Biostat 216 Homework 8¶

Due ~~Nov 29~~ Dec 2 Friday @ 11:59pm

Submit a PDF (scanned/photographed from handwritten solutions, or converted from RMarkdown or Jupyter Notebook) to Gracescope on BruinLearn.

Q1. (MLE of multivariate normal model) Let $\mathbf{y}_1, \ldots, \mathbf{y}_n \in \mathbb{R}^{p}$ be iid samples from a $p$-dimensional multivariate normal distribution $N(\boldsymbol{\mu}, \boldsymbol{\Omega})$, where the mean $\boldsymbol{\mu} \in \mathbb{R}^p$ and covariance $\boldsymbol{\Omega} \in \mathbb{R}^{p \times p}$ are unkonwn parameters.

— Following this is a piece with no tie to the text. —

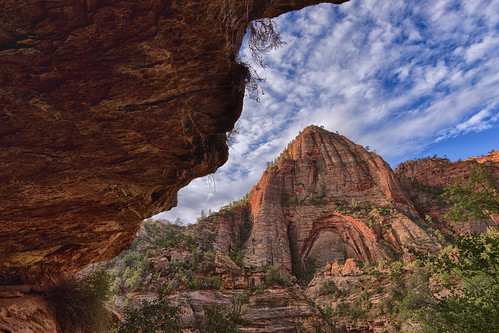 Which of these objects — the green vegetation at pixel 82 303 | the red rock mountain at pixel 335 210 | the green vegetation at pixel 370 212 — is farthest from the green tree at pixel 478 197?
the green vegetation at pixel 370 212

The log-likelihood is $$ \ell(\boldsymbol{\mu}, \boldsymbol{\Omega}) = - \frac n2 \log \det \boldsymbol{\Omega} - \frac 12 \sum_{i=1}^n (\mathbf{y}_i - \boldsymbol{\mu})' \boldsymbol{\Omega}^{-1} (\mathbf{y}_i - \boldsymbol{\mu}) - \frac{n}{2} \log 2\pi. $$ Show that the maximum likelihood estimate (MLE) is \begin{eqnarray*} \widehat{\boldsymbol{\mu}} &=& \frac{\sum_{i=1}^n \mathbf{y}_i}{n} \\ \widehat{\boldsymbol{\Omega}} &=& \frac{\sum_{i=1}^n (\mathbf{y}_i - \hat{\boldsymbol{\mu}})(\mathbf{y}_i - \hat{\boldsymbol{\mu}})'}{n}. \end{eqnarray*} That is to show that $\widehat{\boldsymbol{\mu}}, \widehat{\boldsymbol{\Omega}}$ maximize $\ell$.

Hint: Use the first order optimality condition to find $\widehat{\boldsymbol{\mu}}$ and $\widehat{\boldsymbol{\Omega}}$. To check the optimality of $\widehat{\boldsymbol{\Omega}}$, use its Cholesky factor.

Q2. (Smallest matrix subject to linear constraints) Find the matrix $\mathbf{X}$ with the smallest Frobenius norm subject to the constraint $\mathbf{X} \mathbf{U} = \mathbf{V}$, assuming $\mathbf{U}$ has full column rank.

Hint: Write down the optimization problem and use the method of Lagrange multipliers.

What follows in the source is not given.